No pictures go in the copy. Restate, word for word, each line from the one containing "登錄號:F0013749藏品圖，第1張" through the last line below.
[[ Source data, beginning ]]
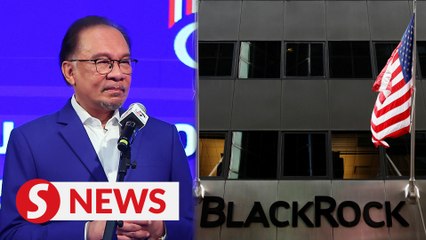 Don't go overboard in debating BlackRock issue, says Anwar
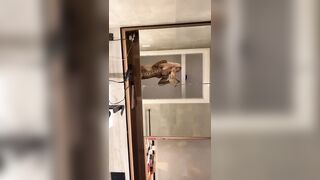 [2272 of 3935 Vids] Bree Louise (bree_louisexoxo aka breebbydance) OnlyFans Leaks Nude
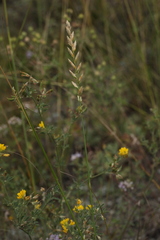 Agropyron krylovianum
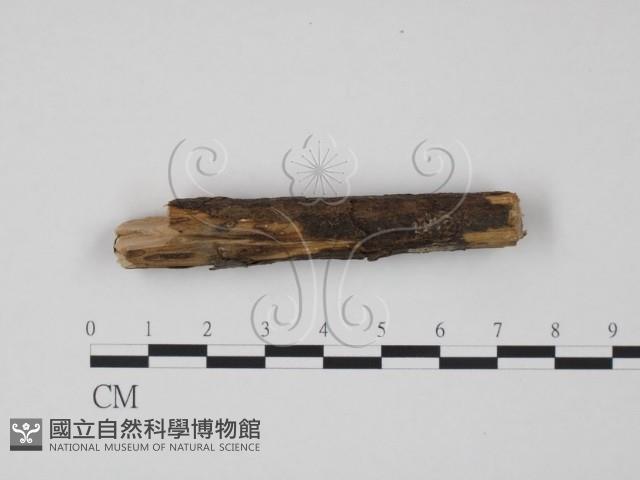 登錄號:F0013749藏品圖，第1張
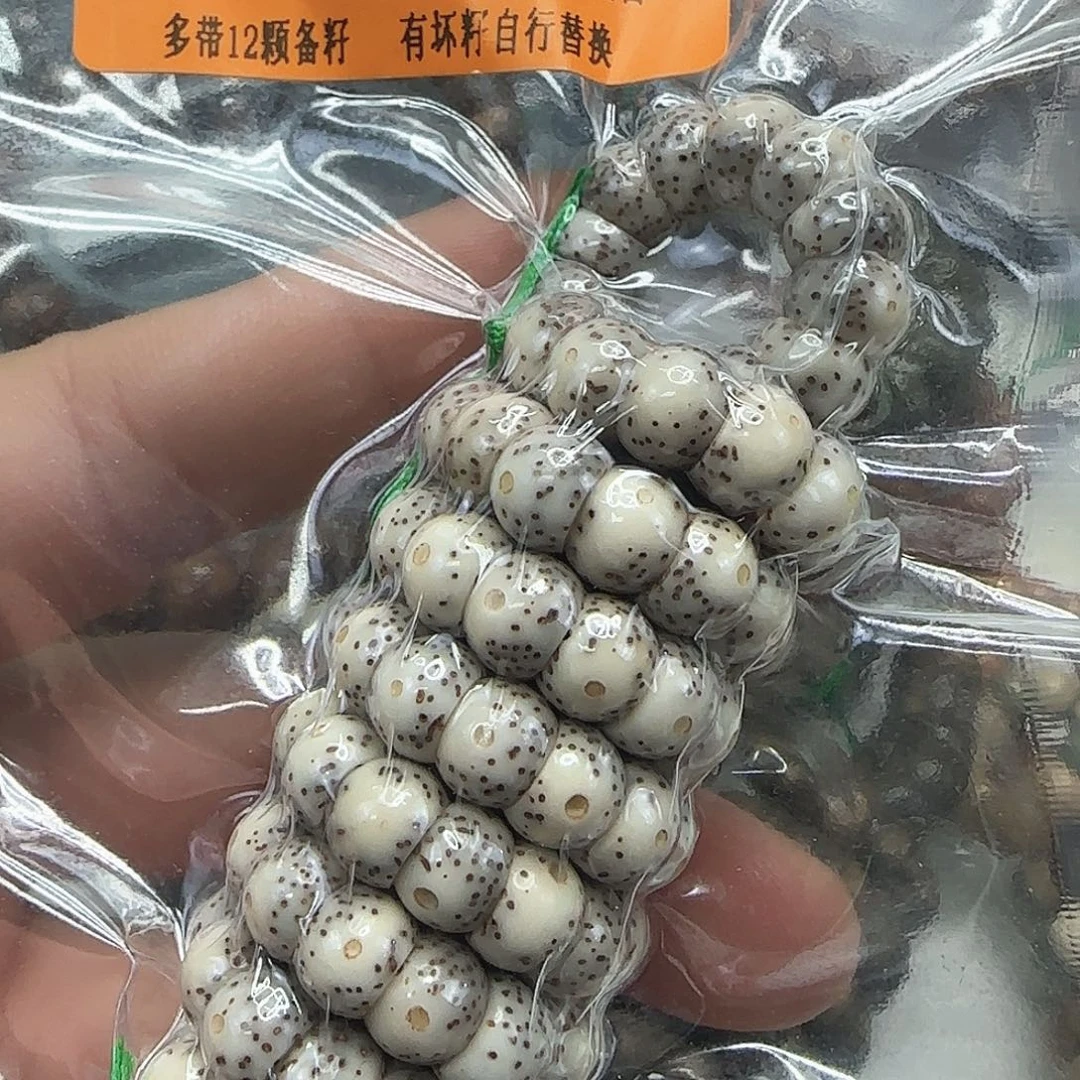 星月菩提手串73殿堂卡姿兰大眼睛星月菩提8-108蒜瓣大肠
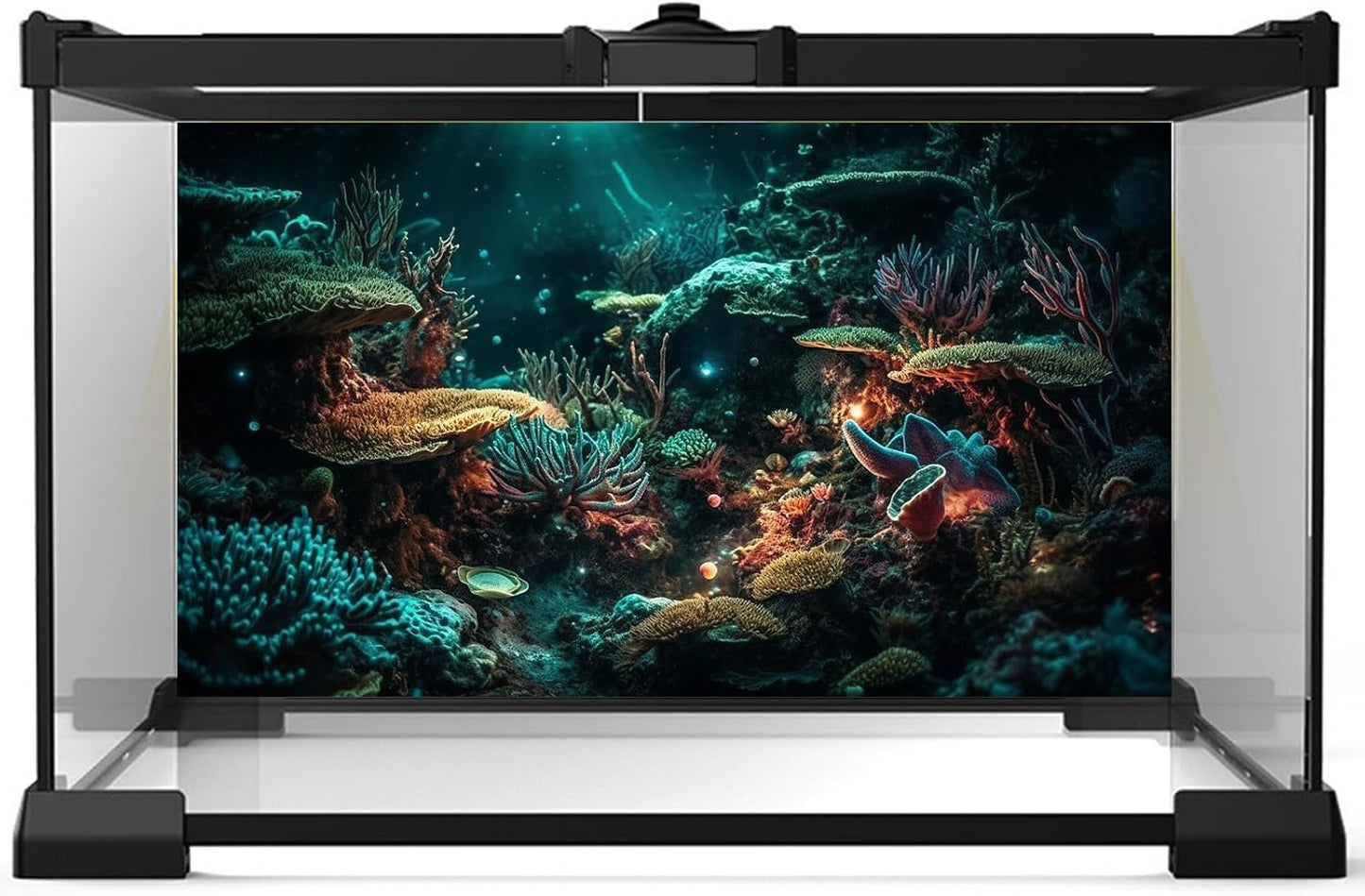 Aquarium Background Colorful Picturesque Coral Reef Terrarium Background Tropical Sea Various Hard Corals Underwater Landscape Fish Tank Backdrop Aquarium Poster Background Vinyl 30x18in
[[ Source data, end ]]
__Response for this exercise__:
 登錄號:F0013749藏品圖，第1張
 星月菩提手串73殿堂卡姿兰大眼睛星月菩提8-108蒜瓣大肠
 Aquarium Background Colorful Picturesque Coral Reef Terrarium Background Tropical Sea Various Hard Corals Underwater Landscape Fish Tank Backdrop Aquarium Poster Background Vinyl 30x18in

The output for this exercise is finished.